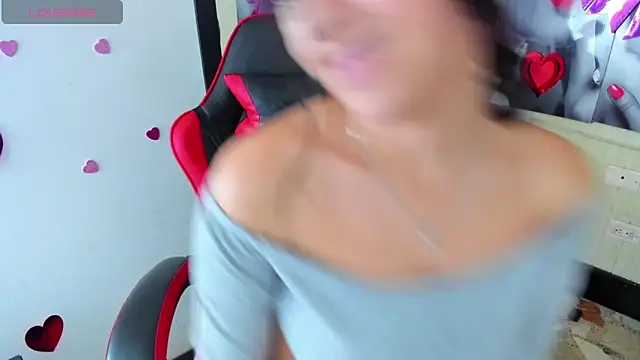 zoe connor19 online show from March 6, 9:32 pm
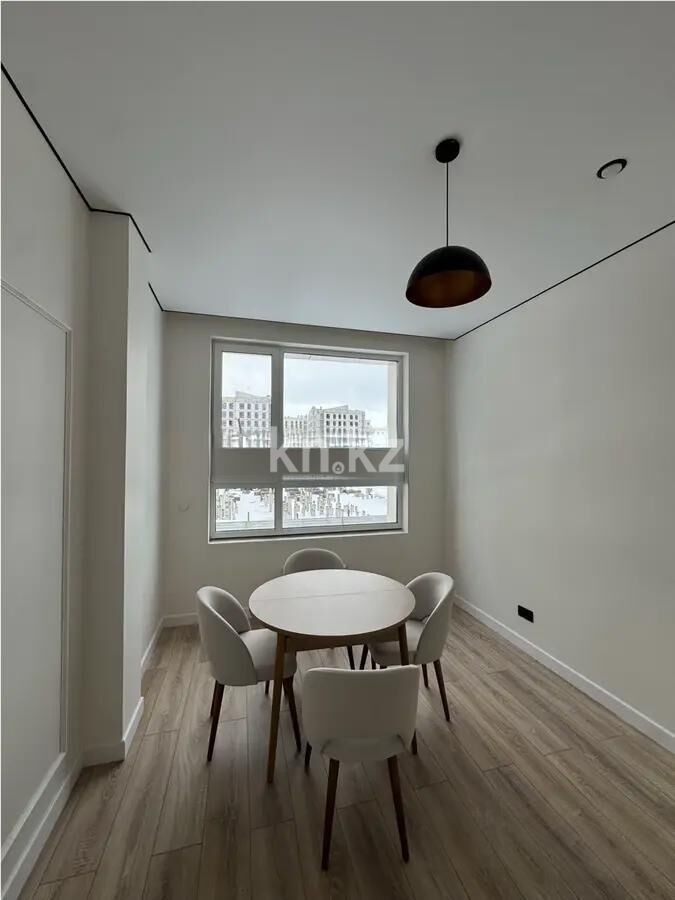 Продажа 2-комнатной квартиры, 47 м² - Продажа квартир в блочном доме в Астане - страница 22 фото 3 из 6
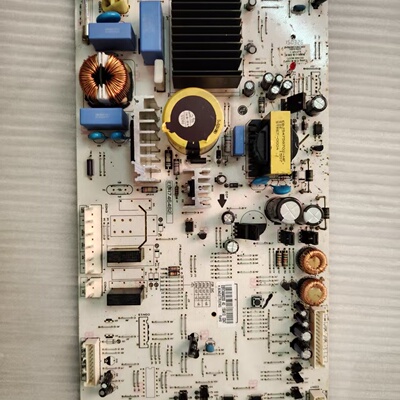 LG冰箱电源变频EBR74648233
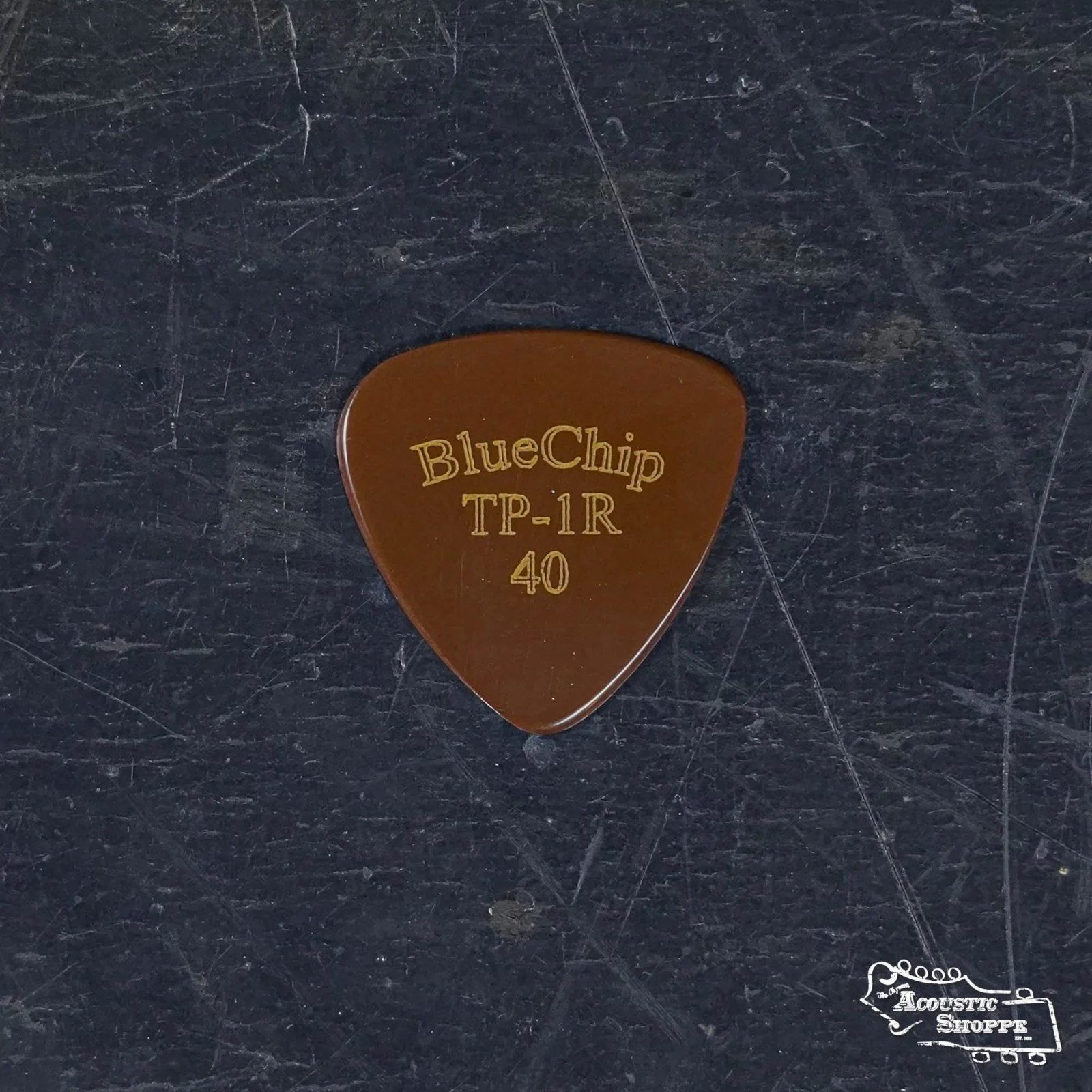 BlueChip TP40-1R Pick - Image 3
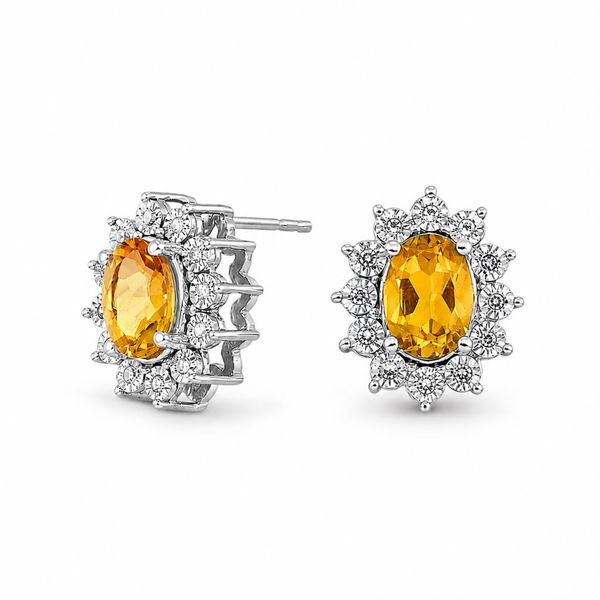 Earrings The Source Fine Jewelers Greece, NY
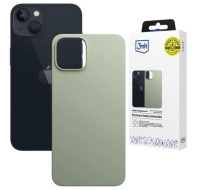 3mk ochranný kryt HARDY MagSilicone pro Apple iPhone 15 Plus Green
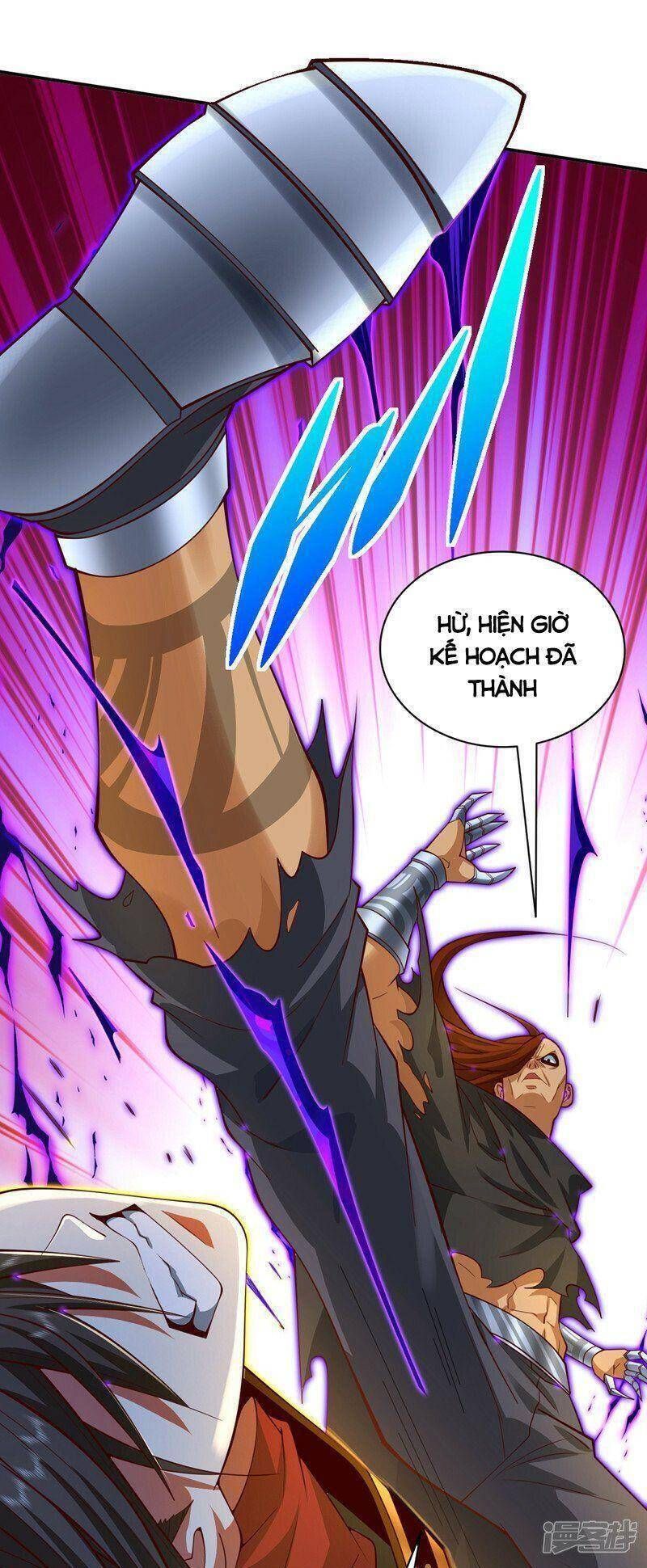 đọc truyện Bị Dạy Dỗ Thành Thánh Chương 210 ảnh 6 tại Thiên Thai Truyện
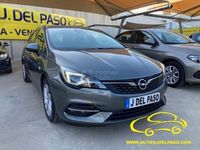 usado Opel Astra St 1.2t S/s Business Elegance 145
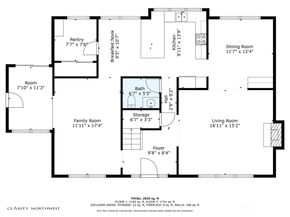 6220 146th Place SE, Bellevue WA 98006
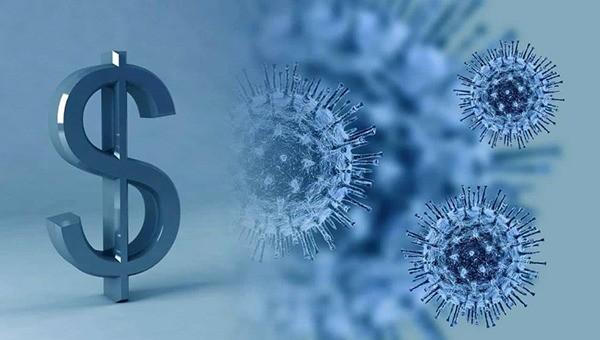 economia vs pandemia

------

# [ASSIGNMENT]
Up to and including the last line of the listing, starting at the line with "usado Opel Astra", extract every line exactly and leave out the pictures.

# [RESULT]
 usado Opel Astra St 1.2t S/s Business Elegance 145
 6220 146th Place SE, Bellevue WA 98006
 economia vs pandemia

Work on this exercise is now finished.